### [TASK REQUIREMENTS]
Return only the lines below starting at the line containing "Here at Christenberry" and ending at the line containing "In summary, the", both included, exactly as they are and with no pictures.

DATA SHOWN section start

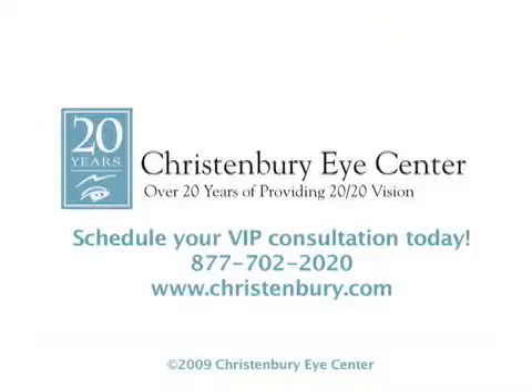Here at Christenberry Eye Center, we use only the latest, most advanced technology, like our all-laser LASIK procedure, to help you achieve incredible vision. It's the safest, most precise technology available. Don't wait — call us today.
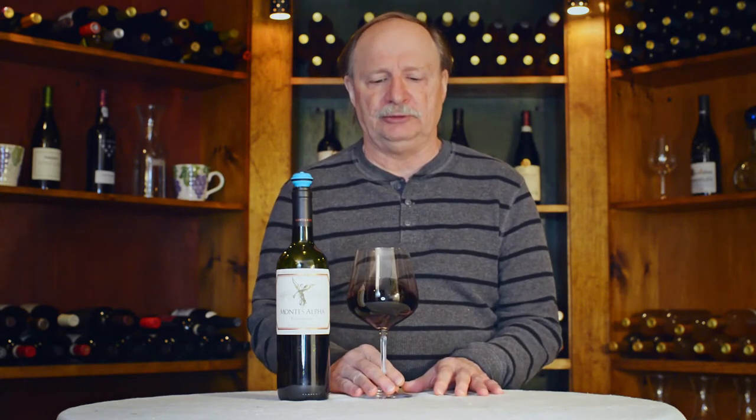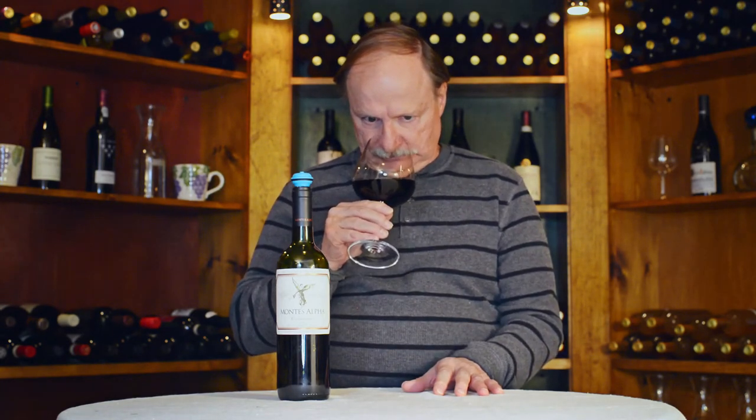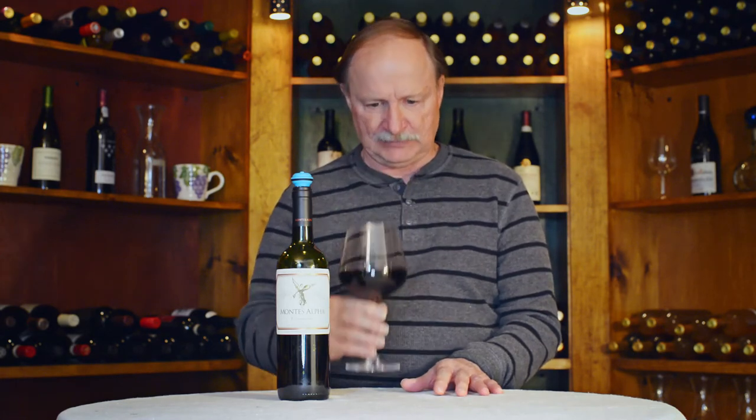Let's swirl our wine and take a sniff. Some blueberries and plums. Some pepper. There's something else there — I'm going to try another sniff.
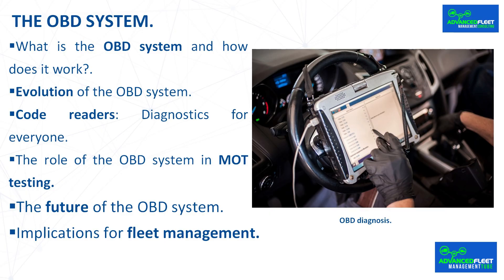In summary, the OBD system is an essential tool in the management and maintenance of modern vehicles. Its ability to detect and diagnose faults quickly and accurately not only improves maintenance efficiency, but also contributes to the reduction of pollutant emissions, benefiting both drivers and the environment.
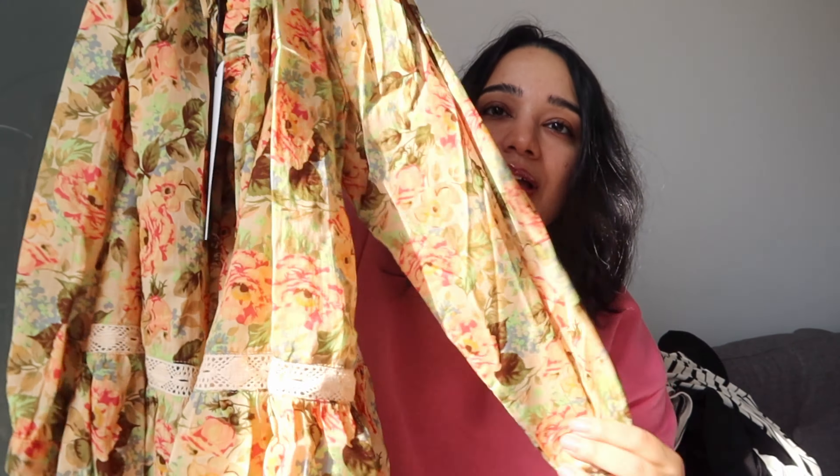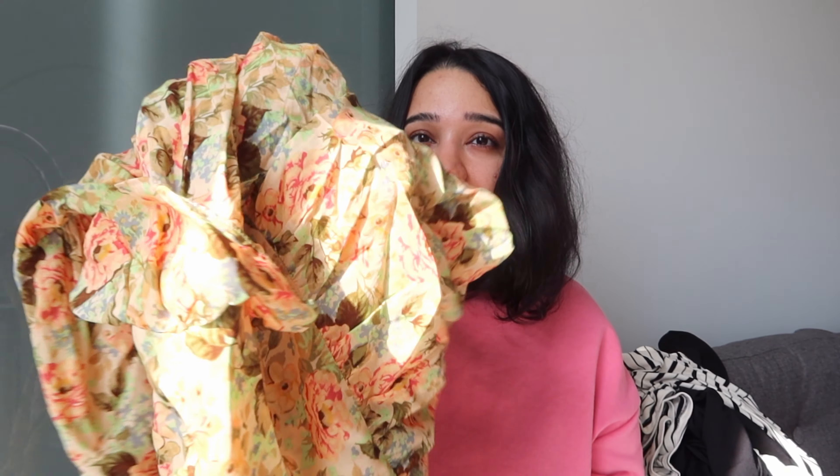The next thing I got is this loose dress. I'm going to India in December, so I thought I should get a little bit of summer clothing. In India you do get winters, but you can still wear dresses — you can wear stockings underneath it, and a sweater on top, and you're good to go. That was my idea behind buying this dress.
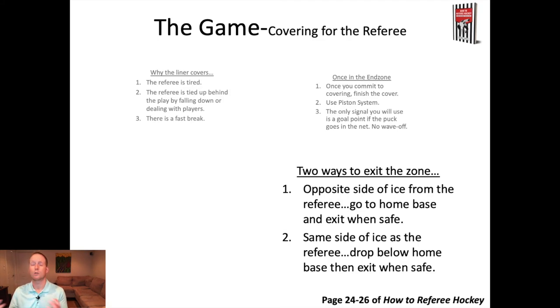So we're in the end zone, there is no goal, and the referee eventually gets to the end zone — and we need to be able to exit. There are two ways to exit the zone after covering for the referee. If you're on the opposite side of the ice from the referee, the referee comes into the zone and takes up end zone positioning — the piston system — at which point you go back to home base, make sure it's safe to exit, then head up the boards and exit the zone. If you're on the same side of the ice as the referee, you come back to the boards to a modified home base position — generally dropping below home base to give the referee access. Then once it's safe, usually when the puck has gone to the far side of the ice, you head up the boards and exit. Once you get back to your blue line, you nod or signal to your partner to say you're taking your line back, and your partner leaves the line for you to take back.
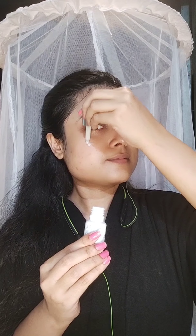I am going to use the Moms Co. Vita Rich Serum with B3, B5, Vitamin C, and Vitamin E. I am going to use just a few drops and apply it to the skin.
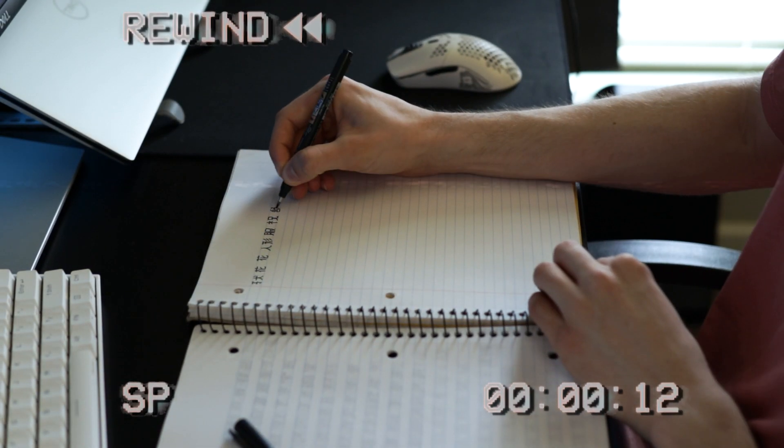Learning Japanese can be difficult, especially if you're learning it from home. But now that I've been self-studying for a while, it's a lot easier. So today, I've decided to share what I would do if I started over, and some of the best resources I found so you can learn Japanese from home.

DATA SHOWN section end
DATA SHOWN section start

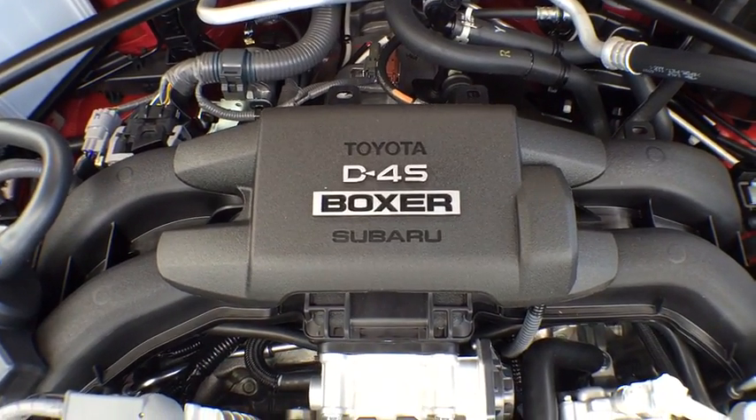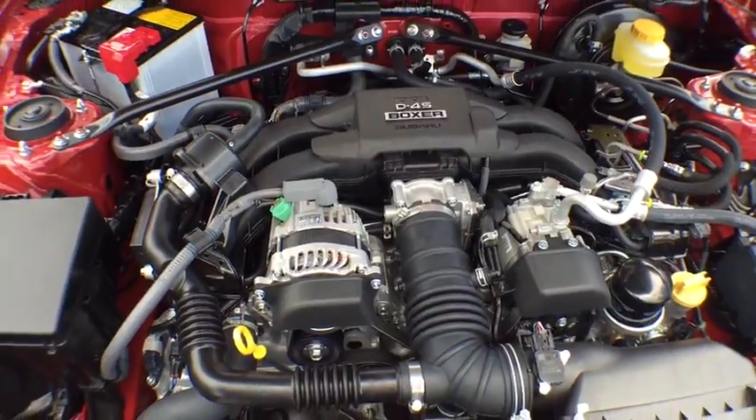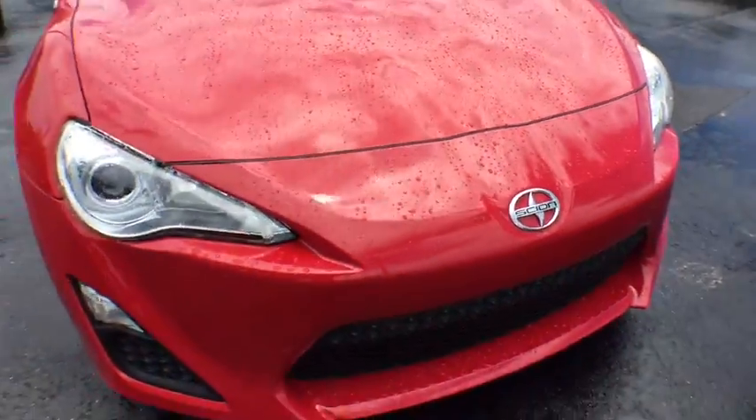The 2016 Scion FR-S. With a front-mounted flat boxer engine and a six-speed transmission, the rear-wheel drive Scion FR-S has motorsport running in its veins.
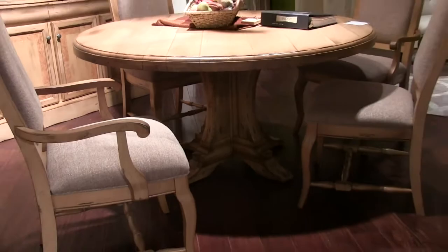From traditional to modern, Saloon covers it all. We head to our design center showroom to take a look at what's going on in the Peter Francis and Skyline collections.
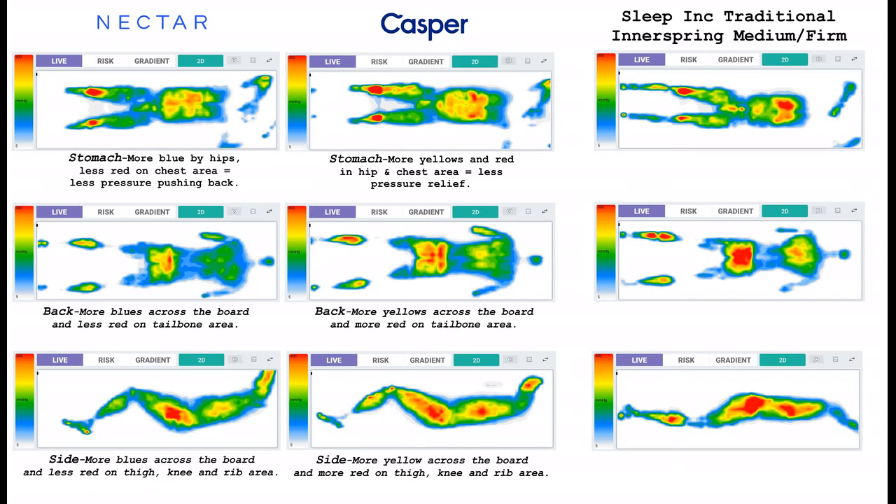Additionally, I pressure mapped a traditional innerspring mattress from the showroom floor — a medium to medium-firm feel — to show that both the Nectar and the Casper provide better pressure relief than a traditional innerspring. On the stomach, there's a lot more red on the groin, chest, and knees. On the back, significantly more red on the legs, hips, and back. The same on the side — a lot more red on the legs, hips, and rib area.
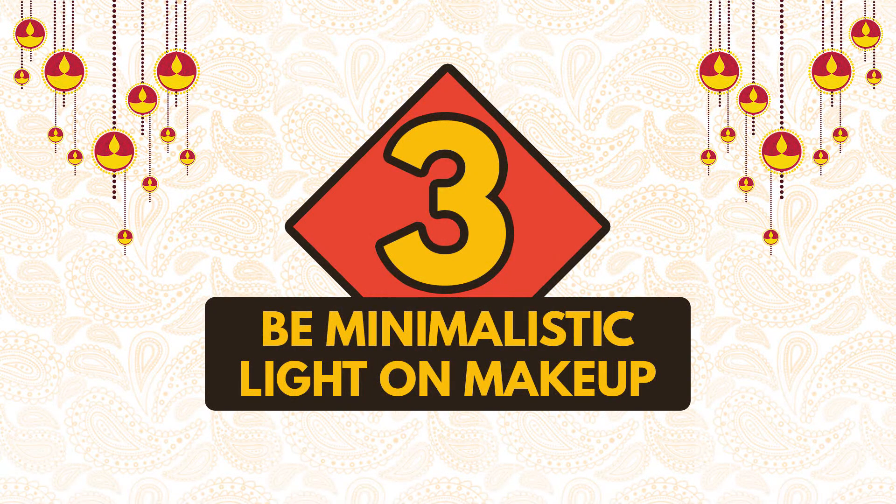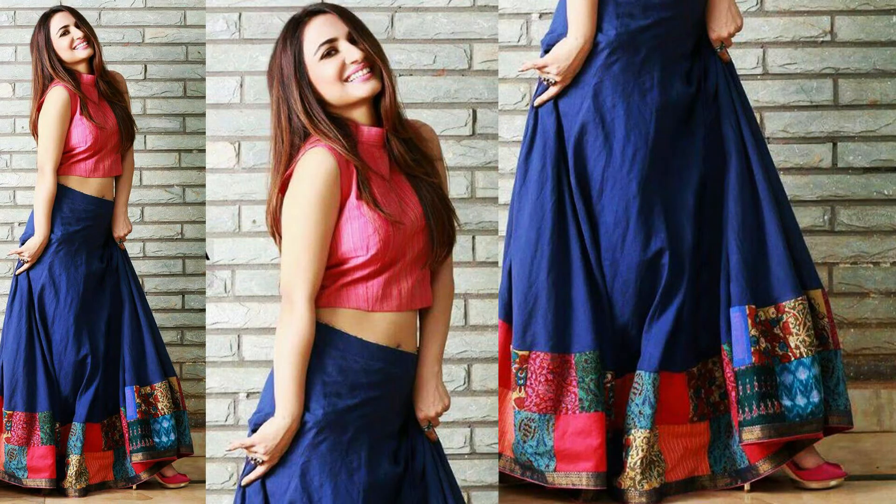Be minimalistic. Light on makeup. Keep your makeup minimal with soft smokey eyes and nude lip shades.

DATA SHOWN section end

### [FINISHED EXERCISE]
Here at Christenberry Eye Center, we use only the latest, most advanced technology, like our all-laser LASIK procedure, to help you achieve incredible vision. It's the safest, most precise technology available. Don't wait — call us today.
Let's swirl our wine and take a sniff. Some blueberries and plums. Some pepper. There's something else there — I'm going to try another sniff.
In summary, the OBD system is an essential tool in the management and maintenance of modern vehicles. Its ability to detect and diagnose faults quickly and accurately not only improves maintenance efficiency, but also contributes to the reduction of pollutant emissions, benefiting both drivers and the environment.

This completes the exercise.